* **RECORDED DATA**
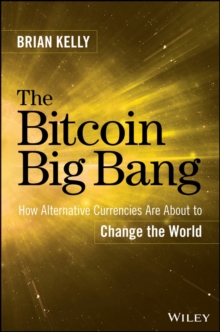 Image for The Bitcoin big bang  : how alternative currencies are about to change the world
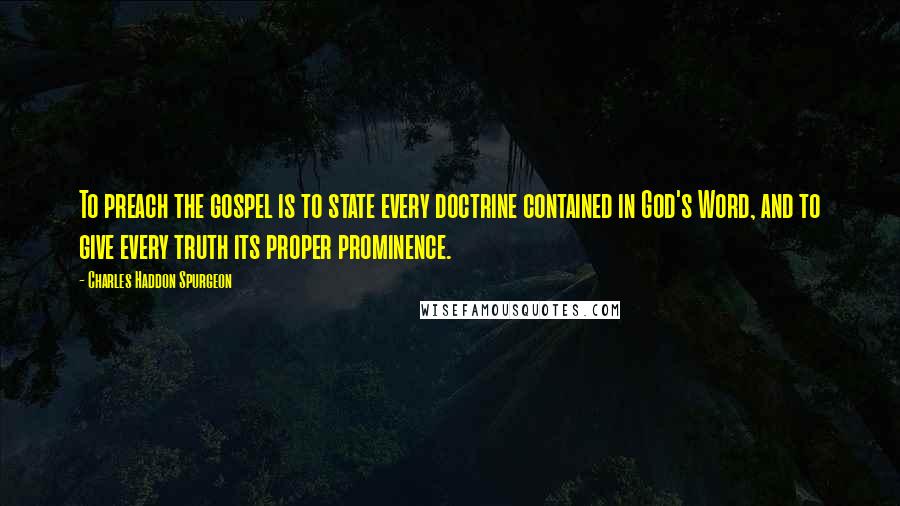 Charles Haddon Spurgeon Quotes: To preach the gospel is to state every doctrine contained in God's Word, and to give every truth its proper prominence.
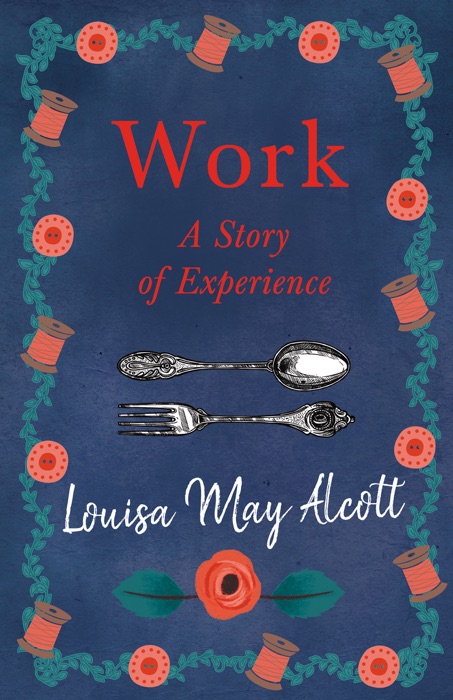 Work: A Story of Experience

---

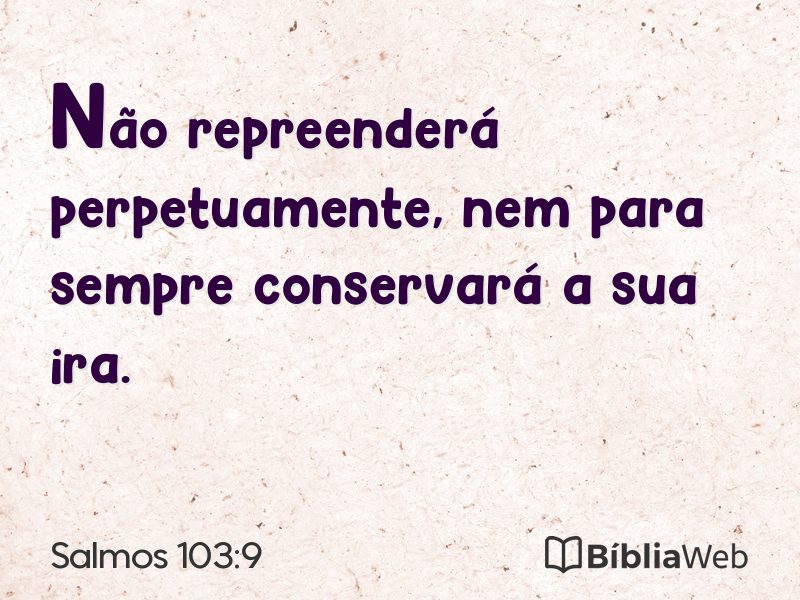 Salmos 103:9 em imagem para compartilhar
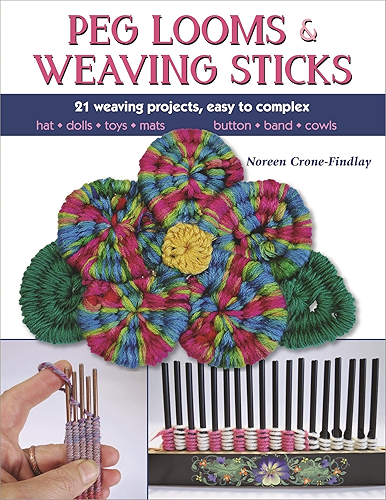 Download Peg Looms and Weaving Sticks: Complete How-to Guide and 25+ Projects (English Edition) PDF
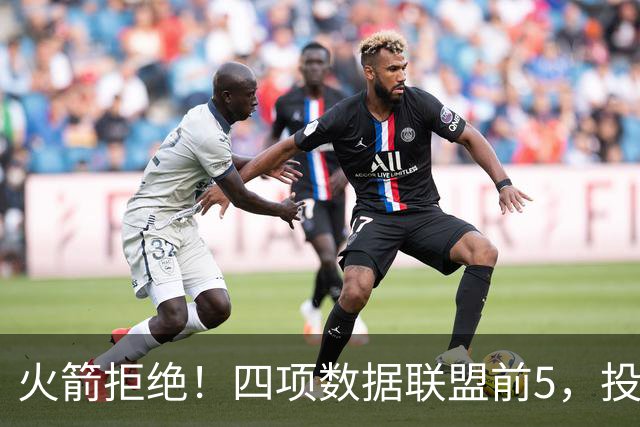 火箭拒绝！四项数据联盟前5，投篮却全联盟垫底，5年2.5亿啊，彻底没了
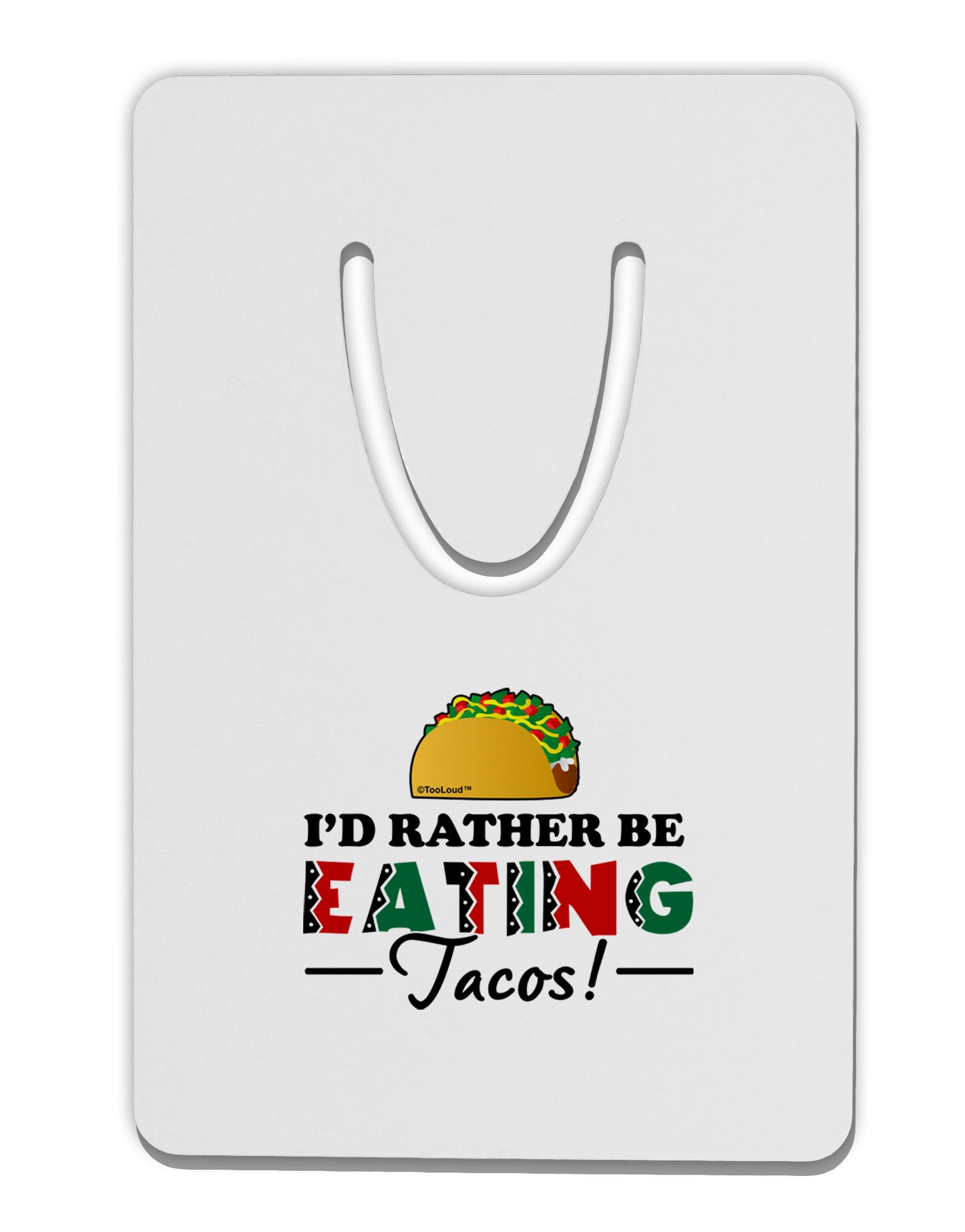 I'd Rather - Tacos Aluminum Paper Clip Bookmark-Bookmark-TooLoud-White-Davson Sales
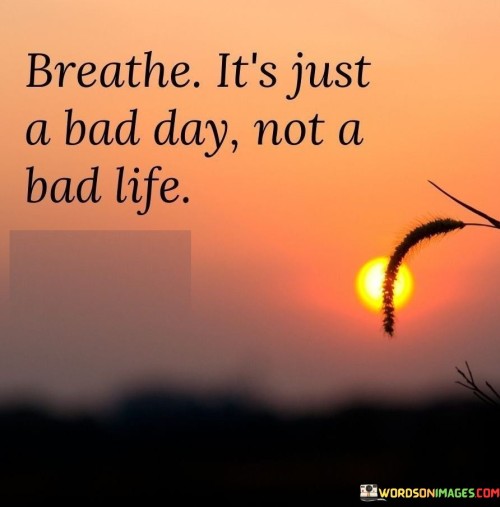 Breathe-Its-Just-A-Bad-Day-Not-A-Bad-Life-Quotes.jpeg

* **EXERCISE**
Both boundary lines included, write out word for word only the lines above from the one containing "Salmos 103:9 em imagem para compartilhar" to the one containing "Breathe-Its-Just-A-Bad-Day-Not-A-Bad-Life-Quotes.jpeg", leaving out any pictures.

* **RESULT BELOW**
 Salmos 103:9 em imagem para compartilhar
 Download Peg Looms and Weaving Sticks: Complete How-to Guide and 25+ Projects (English Edition) PDF
 火箭拒绝！四项数据联盟前5，投篮却全联盟垫底，5年2.5亿啊，彻底没了
 I'd Rather - Tacos Aluminum Paper Clip Bookmark-Bookmark-TooLoud-White-Davson Sales
 Breathe-Its-Just-A-Bad-Day-Not-A-Bad-Life-Quotes.jpeg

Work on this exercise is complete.